>>>>>

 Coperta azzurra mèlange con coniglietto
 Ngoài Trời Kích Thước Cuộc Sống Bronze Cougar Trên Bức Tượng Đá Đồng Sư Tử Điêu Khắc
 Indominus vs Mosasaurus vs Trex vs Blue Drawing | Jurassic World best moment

<<<<<
>>>>>

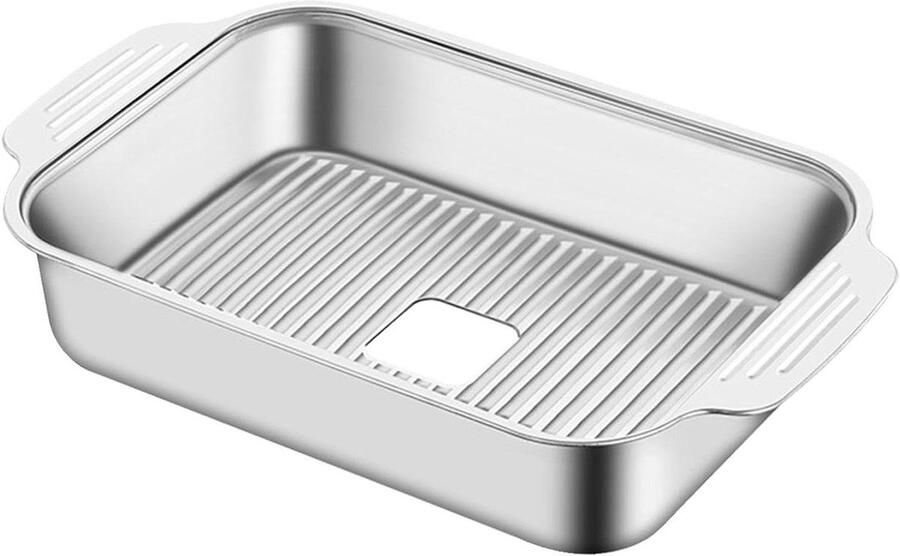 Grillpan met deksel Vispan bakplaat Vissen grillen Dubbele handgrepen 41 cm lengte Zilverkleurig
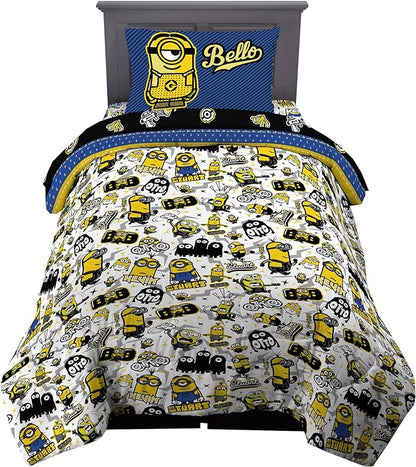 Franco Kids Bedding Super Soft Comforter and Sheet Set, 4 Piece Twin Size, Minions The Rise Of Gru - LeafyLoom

<<<<<

Would you retype exactly the lines above, from the line with "Coperta azzurra mèlange con coniglietto" to the line with "Indominus vs Mosasaurus", with both end lines kept and nothing more?

 Coperta azzurra mèlange con coniglietto
 Ngoài Trời Kích Thước Cuộc Sống Bronze Cougar Trên Bức Tượng Đá Đồng Sư Tử Điêu Khắc
 Indominus vs Mosasaurus vs Trex vs Blue Drawing | Jurassic World best moment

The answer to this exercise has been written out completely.